BB1828 : BOOTboys Should Wear Woad

Thursday 23rd August 2018

Was it due to the debate about what clothes to wear on a day that threatened to become rather inclement?  All of a sudden Mike T started enthusing about the virtues of woad. In fine voice and to the tune of Men of Harlech he burst forth:

What's the use of wearing braces, spats and hats and boots with laces?

These are things you buy in places down in Blackhall Road.

What's the use of shirts of cotton, studs that always get forgotten?

These affairs are simply rotten, better far is woad!


Woad’s the stuff to clothe men, woad to scare your foe, men.

Boil it to a brilliant hue and rub it on your back and abdomen.

Ancient Britons never hit on

Anything as good as woad to fit on,

Neck or knees or where you sit on,

Tailors you'll be blowed!

Whether it be with woad or what, we did expect to have to cover up against the weather in due course.

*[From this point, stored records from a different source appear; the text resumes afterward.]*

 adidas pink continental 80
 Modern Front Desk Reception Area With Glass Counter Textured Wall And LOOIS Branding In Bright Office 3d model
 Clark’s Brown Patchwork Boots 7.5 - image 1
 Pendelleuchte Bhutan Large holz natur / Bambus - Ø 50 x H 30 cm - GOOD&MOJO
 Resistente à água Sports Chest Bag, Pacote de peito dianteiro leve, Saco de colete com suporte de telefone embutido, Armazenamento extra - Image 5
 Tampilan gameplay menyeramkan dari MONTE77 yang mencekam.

We'd left John's car at Bull Pot Farm Caving Centre in order to have a linear wander up Leck Beck, starting from Cowan Bridge.  It was surprisingly clement as we strolled through the hamlet of Leck with its rather superior houses and onwards along tracks through fields.  There was one minor detour, to test out a remarkably rickety old suspension footbridge that looked as if it could collapse into the stream at any moment.  It was private so anyone foolish enough to test it would have little cause for complaint or case for compensation if it collapsed.  Fortunately it didn't and we continued on the trail.  Soon it swung away from the beck and climbed a hill where a narrow trail cut through the bracken (which seems to have grown considerably in the August downpours, as has the grass on our lawn).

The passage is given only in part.